AI Solution: AI models trained on diverse UK conditions account for regional variability.
7.5 Budget Constraints
High-quality geotechnical evaluation is resource-intensive, pushing authorities to seek scalable, automated solutions such as AI-driven systems that reduce field work.
AI Solution: Automation reduces per-kilometre assessment costs by up to 80%.
7.6 Data Integration
Subgrade data often exists in separate systems from pavement and traffic information, preventing holistic analysis.
AI Solution: Centralised platforms through RoadVision AI ensure all data sources integrate for comprehensive asset understanding.

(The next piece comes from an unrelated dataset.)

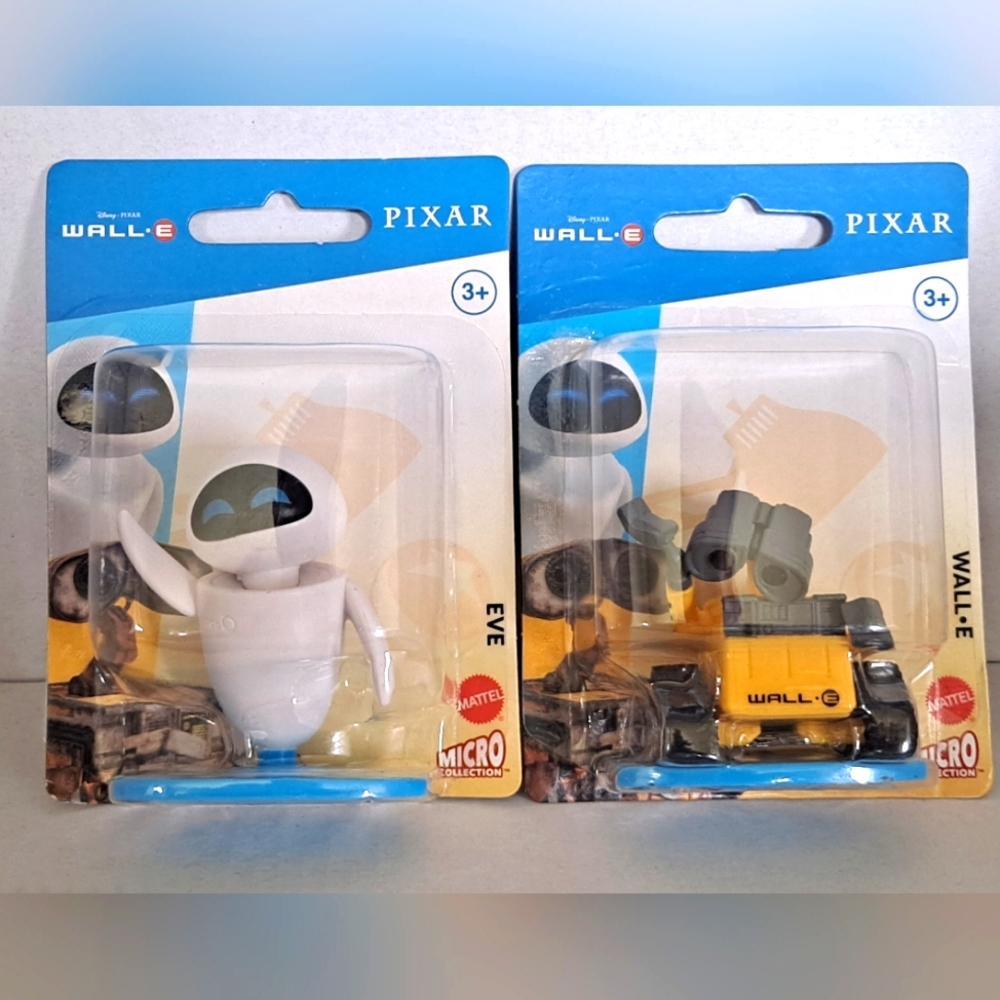 ✅️ Disney's Pixar Wall-E & Eve Combo Set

AI transforms subgrade assessment from discrete testing to continuous monitoring:
Data Fusion
Integration of FWD, DCP, GPR, and laboratory data into unified models that provide comprehensive understanding.
Pattern Recognition
Identification of correlations between surface condition, traffic loading, and subgrade performance that inform deterioration predictions.
Predictive Modelling
Forecasting subgrade strength changes under future climate scenarios and traffic growth.
Anomaly Detection
Early identification of sections where subgrade performance deviates from expectations, enabling targeted investigation.
Design Validation
Comparison of as-built subgrade properties against design assumptions for continuous improvement.
As the UK intensifies its focus on sustainability, safety, and long-term infrastructure resilience, advanced subgrade assessment UK practices have moved from optional enhancements to absolute necessities. The fusion of geotechnical science with AI-based highway engineering and digital road monitoring systems through the Pavement Condition Intelligence Agent, Traffic Analysis Agent, and Roadside Assets Inventory Agent marks a major leap forward—enabling authorities to "see the storm before it hits" and design pavements that endure.
The platform's ability to:
transforms how subgrade evaluation supports pavement design and management.
RoadVision AI is spearheading this transformation. By automating subgrade analysis, improving predictive accuracy, and aligning with UK regulations, it empowers highway authorities to build safer, stronger, and future-proof road networks that withstand the challenges of climate change and growing traffic demands.
If you're ready to elevate your pavement design and asset management strategy, book a demo with RoadVision AI today and experience how data-driven intelligence can redefine your infrastructure planning.
Q1. What is the CD 225 pavement guideline in the UK?
The CD 225 pavement guidelines provide structured methods for the design and assessment of new pavement foundations, focusing on subgrade performance and stability.
Q2. How does AI improve subgrade assessment in UK pavement design?
AI-based highway engineering tools analyze vast amounts of real-time data from sensors, enabling continuous and predictive subgrade condition monitoring without the need for constant manual testing.
Q3. Why is subgrade assessment important for road asset management in the UK?
Effective road asset management UK relies on accurate subgrade assessment to prevent structural failures, plan timely maintenance, and ensure compliance with safety and regulatory standards.